City has made little progress expanding internet access

In a hearing before City Council in June of last year, Baltimore’s then-chief broadband official outlined a vision to bring next-generation internet connection to one of the poorest parts of town, the public housing project Gilmor Homes, within a matter of weeks. He pitched the idea as step one in an aggressive campaign to establish 100 communal Wi-Fi hotspots across West Baltimore, all within a year.

“I used to say, ‘If the mayor said he wanted public Wi-Fi at Gilmor by next Friday, we could do it,’” said Jason Hardebeck, whom Mayor Brandon Scott hired in March of 2021 to be his director of broadband and digital equity, explaining in an interview last month that excess fiber-optic wiring at the housing complex would allow the city to string up outdoor internet service there almost immediately, at little cost.

But within two months of outlining his proposal for Gilmor Homes to the City Council, Hardebeck was fired from his post without reason given, he says.

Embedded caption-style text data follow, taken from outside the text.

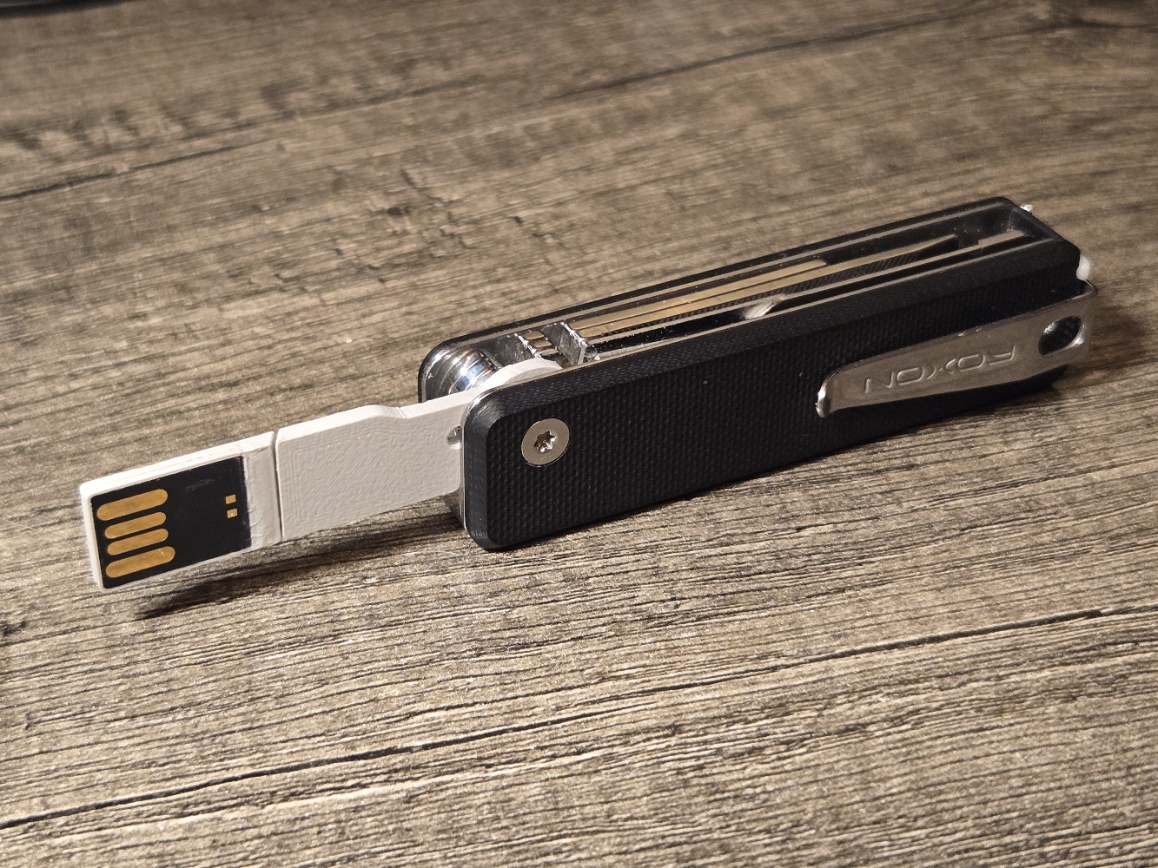 Detachable USB Implement for Roxon
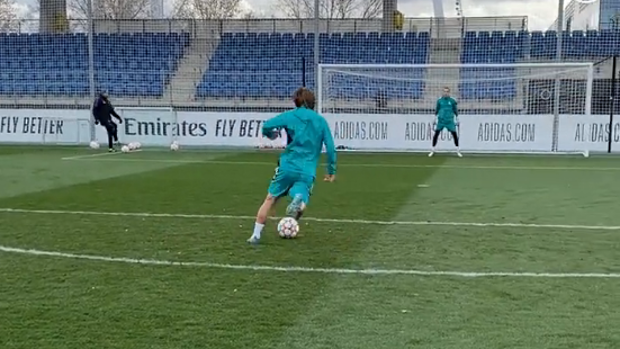 Escandaloso gol de Modric en el entrenamiento previo al PSG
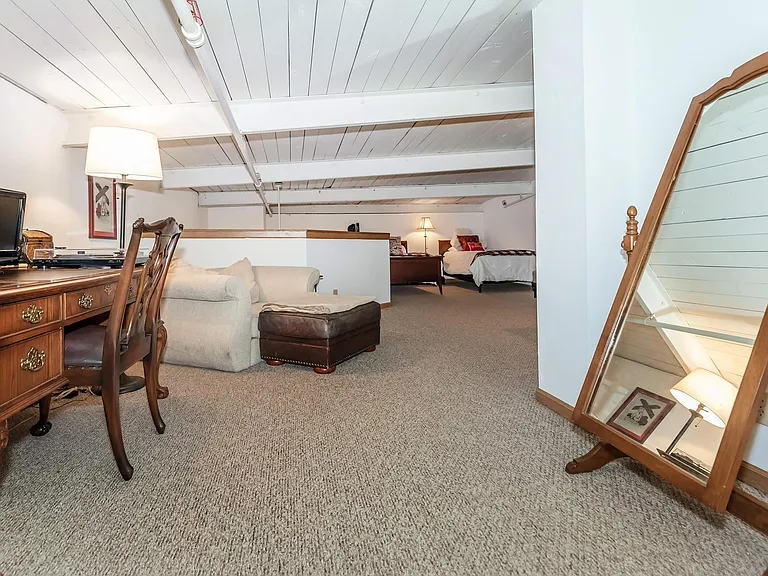 Armory Loft — Photo 43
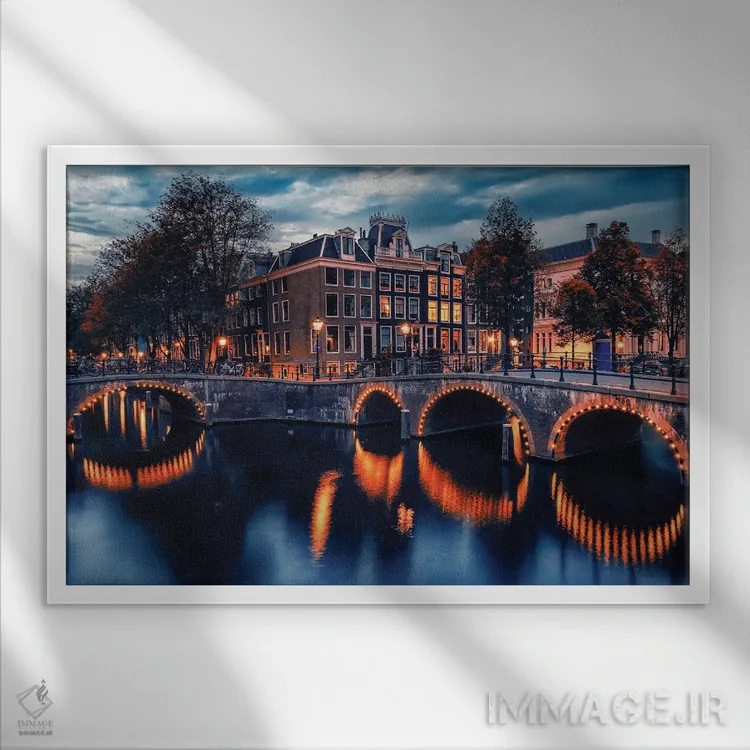 تابلو گرگومیش آمستردام اثر مانجیک پیکچرز (استودیو عکاسی یا فیلمسازی) - نمای قابدار سفید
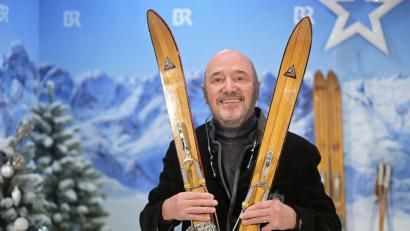 Bild: Malin Wunderlich/dpa
Ex-Skirennfahrer Christian Neureuther verschenkt an Weihnachten Gegenstände in Erinnerung an seine verstorbene Frau.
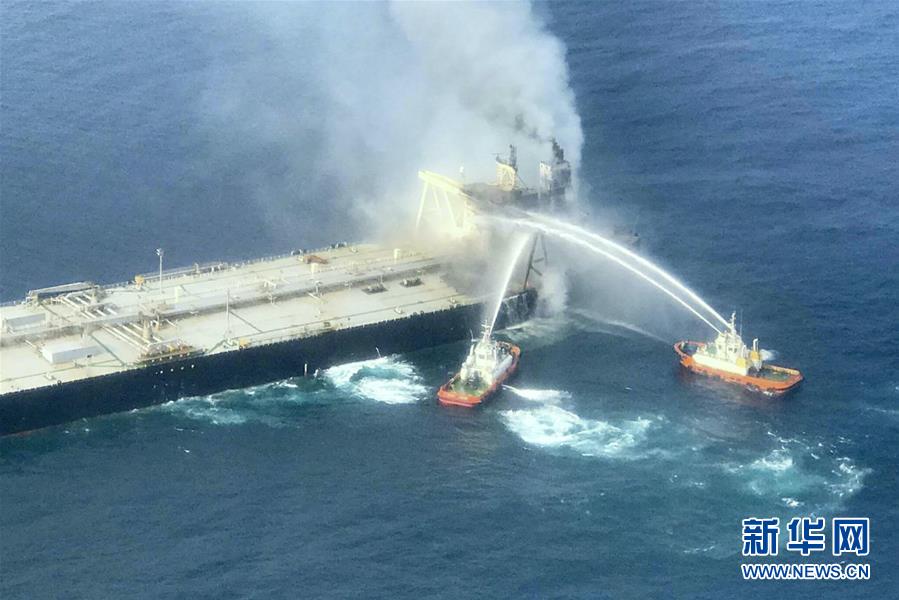 （國際·圖文互動）（7）在斯里蘭卡中國專家和中資企業助力油輪滅火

His plan to connect Gilmor Homes for public internet remains unfulfilled.

Two years since Scott established an office to close the digital divide, Baltimore leaders have yet to issue a plan showing how the city would meet that goal, which the mayor has pledged to accomplish by 2030 with millions of dollars in federal support. Proposals to establish hundreds of hotspot sites around town and to wire eight public housing complexes for top-of-the-line Wi-Fi remain in draft stages.

As of early March, a $35 million pledge Scott made as a “down payment” on his 2030 target had yet to connect a single resident to the internet.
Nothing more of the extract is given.